**Task prompt**
Down to the final line, print the records again exactly.

=== Data records ===

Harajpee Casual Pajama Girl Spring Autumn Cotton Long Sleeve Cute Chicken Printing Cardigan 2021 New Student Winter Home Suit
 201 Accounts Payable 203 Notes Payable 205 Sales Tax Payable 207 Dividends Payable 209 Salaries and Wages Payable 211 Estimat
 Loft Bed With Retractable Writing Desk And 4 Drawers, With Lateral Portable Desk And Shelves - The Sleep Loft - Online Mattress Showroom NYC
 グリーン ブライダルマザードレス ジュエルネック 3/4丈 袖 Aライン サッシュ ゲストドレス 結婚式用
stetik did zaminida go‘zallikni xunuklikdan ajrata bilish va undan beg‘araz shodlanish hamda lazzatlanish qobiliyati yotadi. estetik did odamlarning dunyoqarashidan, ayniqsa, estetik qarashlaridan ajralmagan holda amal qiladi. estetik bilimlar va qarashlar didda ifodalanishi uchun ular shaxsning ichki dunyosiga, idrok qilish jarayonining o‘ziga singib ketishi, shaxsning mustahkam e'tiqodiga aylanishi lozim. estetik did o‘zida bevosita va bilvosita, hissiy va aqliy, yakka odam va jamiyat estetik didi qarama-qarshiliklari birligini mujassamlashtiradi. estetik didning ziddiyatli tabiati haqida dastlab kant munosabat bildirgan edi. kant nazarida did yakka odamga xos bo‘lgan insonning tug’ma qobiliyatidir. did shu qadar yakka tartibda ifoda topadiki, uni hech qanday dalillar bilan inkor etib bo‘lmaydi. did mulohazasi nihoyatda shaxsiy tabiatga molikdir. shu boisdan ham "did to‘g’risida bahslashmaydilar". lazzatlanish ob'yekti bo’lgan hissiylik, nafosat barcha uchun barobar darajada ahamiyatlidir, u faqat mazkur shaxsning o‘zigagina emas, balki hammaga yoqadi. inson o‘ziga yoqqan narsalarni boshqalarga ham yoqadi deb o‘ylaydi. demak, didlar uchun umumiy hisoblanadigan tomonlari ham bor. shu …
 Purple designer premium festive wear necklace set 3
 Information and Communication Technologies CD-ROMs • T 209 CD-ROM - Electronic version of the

===

**Response to this task**
Harajpee Casual Pajama Girl Spring Autumn Cotton Long Sleeve Cute Chicken Printing Cardigan 2021 New Student Winter Home Suit
 201 Accounts Payable 203 Notes Payable 205 Sales Tax Payable 207 Dividends Payable 209 Salaries and Wages Payable 211 Estimat
 Loft Bed With Retractable Writing Desk And 4 Drawers, With Lateral Portable Desk And Shelves - The Sleep Loft - Online Mattress Showroom NYC
 グリーン ブライダルマザードレス ジュエルネック 3/4丈 袖 Aライン サッシュ ゲストドレス 結婚式用
stetik did zaminida go‘zallikni xunuklikdan ajrata bilish va undan beg‘araz shodlanish hamda lazzatlanish qobiliyati yotadi. estetik did odamlarning dunyoqarashidan, ayniqsa, estetik qarashlaridan ajralmagan holda amal qiladi. estetik bilimlar va qarashlar didda ifodalanishi uchun ular shaxsning ichki dunyosiga, idrok qilish jarayonining o‘ziga singib ketishi, shaxsning mustahkam e'tiqodiga aylanishi lozim. estetik did o‘zida bevosita va bilvosita, hissiy va aqliy, yakka odam va jamiyat estetik didi qarama-qarshiliklari birligini mujassamlashtiradi. estetik didning ziddiyatli tabiati haqida dastlab kant munosabat bildirgan edi. kant nazarida did yakka odamga xos bo‘lgan insonning tug’ma qobiliyatidir. did shu qadar yakka tartibda ifoda topadiki, uni hech qanday dalillar bilan inkor etib bo‘lmaydi. did mulohazasi nihoyatda shaxsiy tabiatga molikdir. shu boisdan ham "did to‘g’risida bahslashmaydilar". lazzatlanish ob'yekti bo’lgan hissiylik, nafosat barcha uchun barobar darajada ahamiyatlidir, u faqat mazkur shaxsning o‘zigagina emas, balki hammaga yoqadi. inson o‘ziga yoqqan narsalarni boshqalarga ham yoqadi deb o‘ylaydi. demak, didlar uchun umumiy hisoblanadigan tomonlari ham bor. shu …
 Purple designer premium festive wear necklace set 3
 Information and Communication Technologies CD-ROMs • T 209 CD-ROM - Electronic version of the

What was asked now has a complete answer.